If You Want Something Done Right, Do It Yourself (Unless You Are Being Sued)
We are all very familiar with the saying, "if you want something done right, do it yourself", but is that always the best advice? Well, when it comes to defending yourself in a lawsuit, the answer is "NO." In fact, I will remind you of another saying; "He who represents himself has a fool for a client."
While there are many things that we can do for ourselves, it is generally never a good idea to attempt to handle your own defense of a civil lawsuit. The best way to illustrate this point is with a story.
We will call our subject Bob. The situation is that Bob owned a construction company which unfortunately went out of business last year. Despite his company's closure, Bob finds himself and his now-defunct company on the wrong side of a lawsuit. Bob, knowing that the claim arises out of work that he performed under his company, decides that he doesn't need to hire an attorney since it is out of business. He realizes that he appears to be sued as an individual but believes that it is directly related to the company, and therefore, he should be able to represent himself.

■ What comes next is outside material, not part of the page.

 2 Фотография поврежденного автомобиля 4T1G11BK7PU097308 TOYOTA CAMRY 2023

Of course, Bob wants to be safe concerning his decision to represent himself in the lawsuit, so he calls on his old high school buddy John, who is also in construction, for some advice. His buddy John explains that he never uses an attorney and instead writes his contracts and other legal documents and has never had a problem. "More importantly," John advises, "It costs so much money to hire a lawyer, and for what? Your company is out of business." Feeling reassured, Bob begins to prepare his defense.
As Bob begins to search for a form online to answer the Complaint, he starts to feel slightly uncertain. There is terminology that he isn't very familiar with. So, Bob decides it's time to call in the big guns. Thus, he calls in Attorney Google for some answers. Of course, he finds a wealth of information on Google simply by searching, "do I need an attorney to represent me?" After ignoring the links suggesting that he does, Bob finds definitions for the terminology and realizes that so many people represent themselves that there is now no doubt in his mind that he can do it just as good as those high-priced attorneys.

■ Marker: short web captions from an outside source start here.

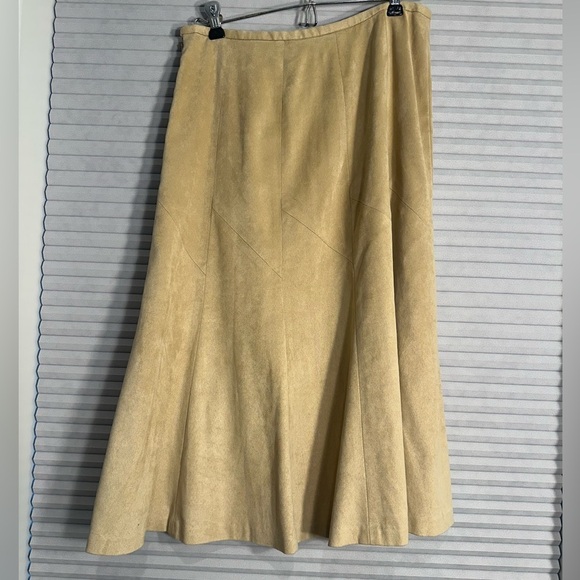 Vintage Talbots faux suede skirt J-36 - Picture 2 of 6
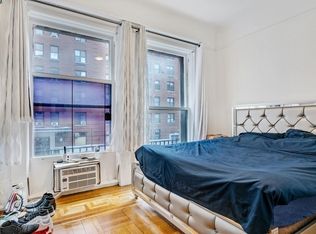 215 W 70th St #2B, New York, NY 10023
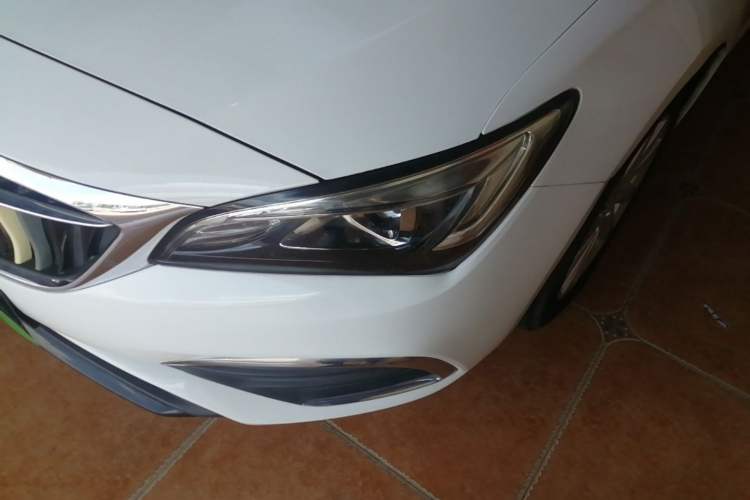 Used Buick Verano 2019 Sedan 15S Automatic Entry Model Left Front Headlight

Feeling rather proud of himself, Bob files his Answer with the Court. Shortly after that, he receives a package from the Plaintiff's attorney containing many Discovery Demands. Immediately, he gets Attorney Google on the case again and does his best to respond. Bob then receives a notice for his deposition. He is confident he is good to go. His testimony is taken and he is satisfied with his performance. He is ready for his day in Court to arrive.
Unexpectedly, he received a Motion for Summary Judgment. The Motion states that Bob has no defenses listed in his Answer, provided documents that support the Plaintiff's claims, and makes damning statements at his deposition. The Plaintiff's attorney argues that there are no questions of fact to submit to a jury, and thus, a judgment should be awarded against Bob.

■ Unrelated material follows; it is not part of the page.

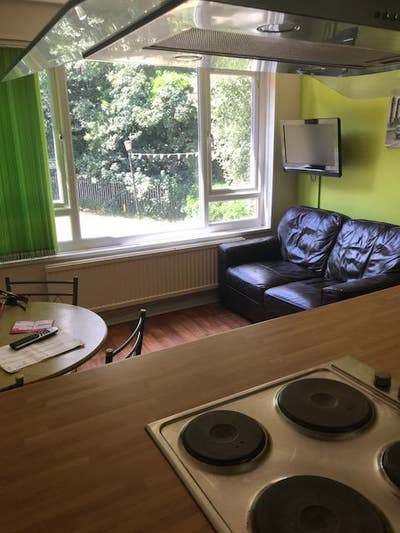 All-Inclusive Rooms to Rent in a 4 Bed House Main Photo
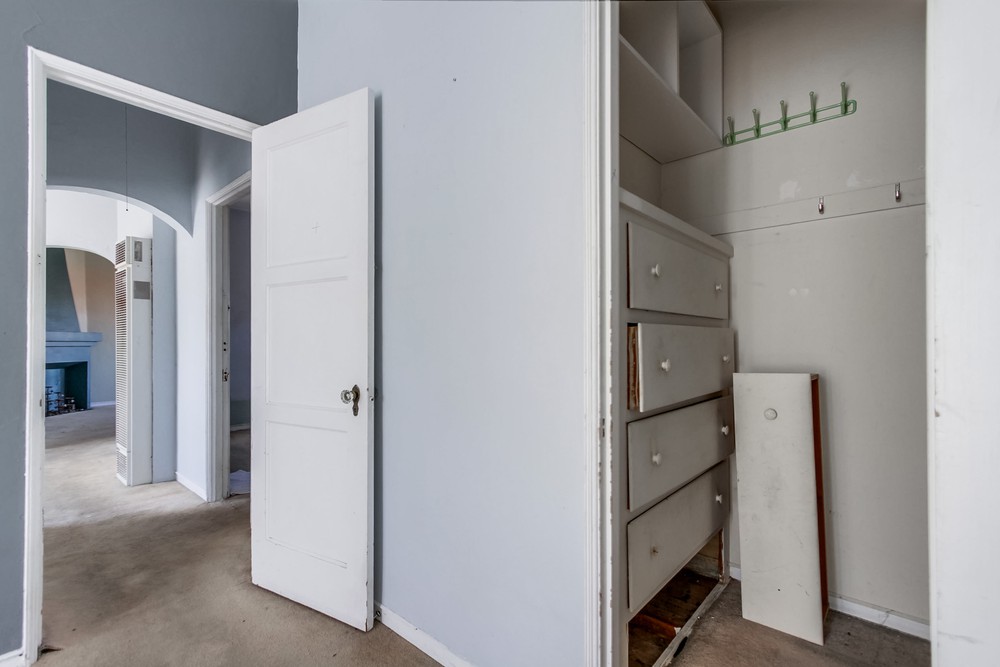 Virtual tour photo 40 of 43 for 3531 1st Ave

As Bob reads the Motion, beads of sweat begin to form on his forehead. "Oh sh*t," is all that he can utter. Once he calms down, he calls John. "Hey man, he says. I took your advice, didn't hire an attorney, and now I have this motion thing. I'm screwed. What should I do?" John tells him that it is time for him to hire an attorney.
Bob, who is now panicked, starts frantically searching for an attorney to represent him. Instead of finding eager attorneys, he is told that the case is too far gone and that he has "shot himself in the foot." No one is interested in representing him. Ultimately, Bob tries to oppose the Motion on his own, fails miserably, and is now the proud owner of a judgment against him personally.
The moral of the story is simple, don't be like Bob. Litigation is rarely easy and is almost always unpredictable. You cannot learn to be a lawyer on the Internet or from a friend. Google does not make a good law partner. Lawyers spend years in school and in practice and are constantly learning about updated laws and cases. While you think you are saving money by trying to defend yourself, you are causing far more harm than good.
Had Bob hired a lawyer immediately, the lawyer would have been able to file a Motion to Dismiss on the grounds that Bob was protected by the LLC and could not be held personally liable. Instead, Bob now faces a Judgment that is four times higher than what an attorney would have charged him to represent him.